EXERCISE BRIEF |
A verbatim repeat of the lines below is required, with the pictures removed.
SOURCE DATA section start
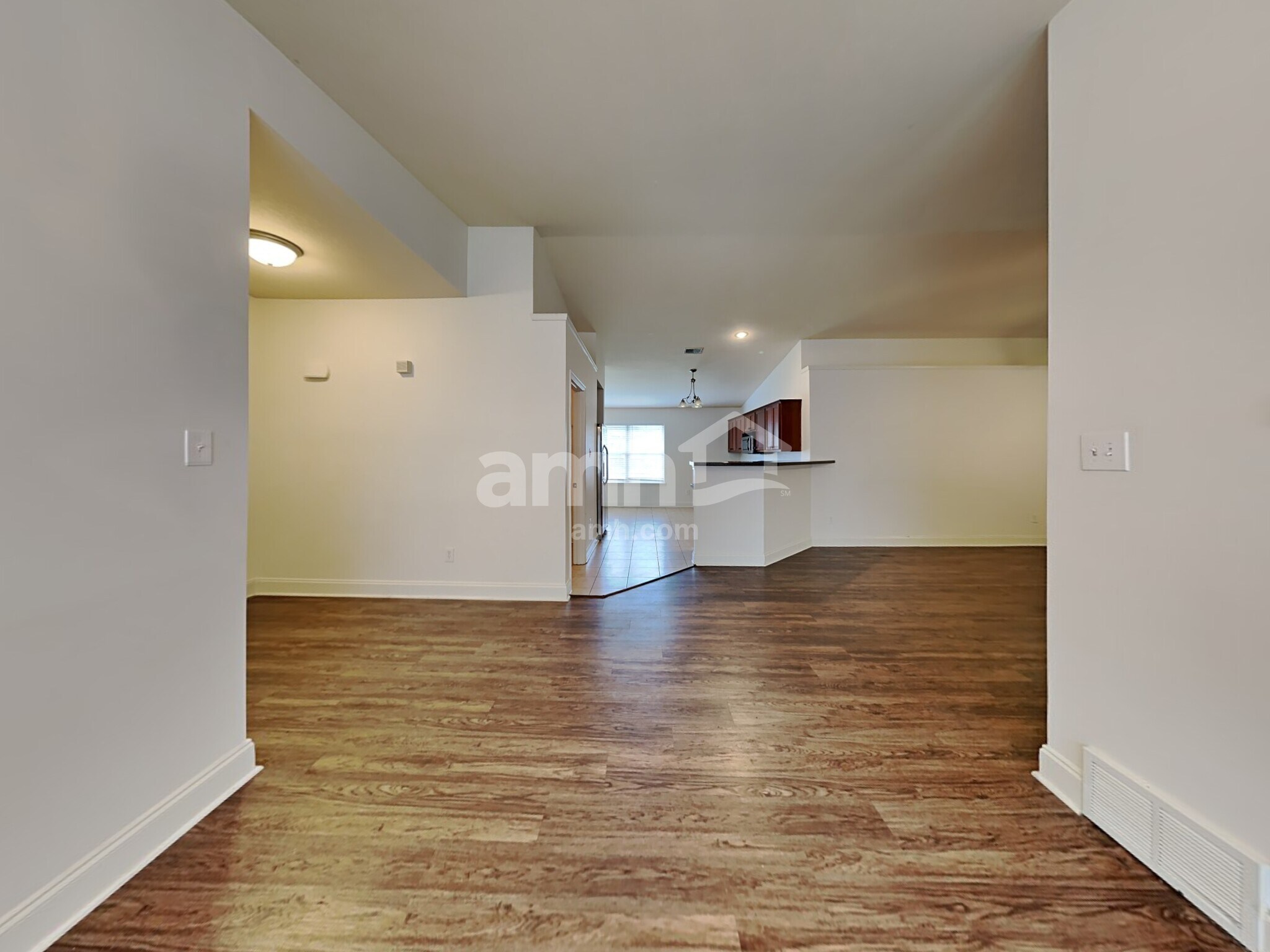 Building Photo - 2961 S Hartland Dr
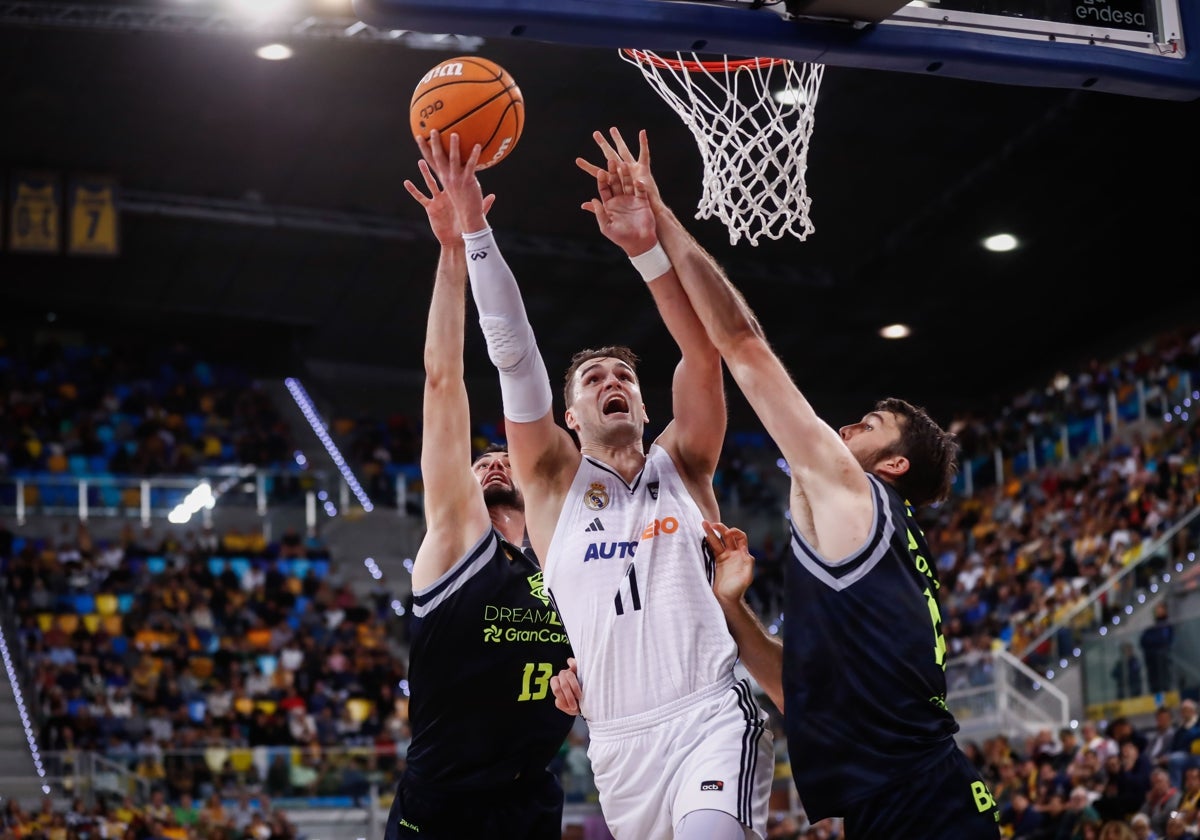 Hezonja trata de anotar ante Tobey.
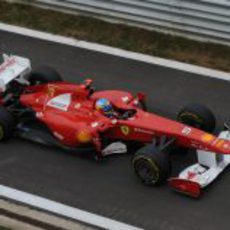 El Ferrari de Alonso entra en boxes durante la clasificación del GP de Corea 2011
SOURCE DATA section end
REPLY TO THE EXERCISE |
 Building Photo - 2961 S Hartland Dr
 Hezonja trata de anotar ante Tobey.
 El Ferrari de Alonso entra en boxes durante la clasificación del GP de Corea 2011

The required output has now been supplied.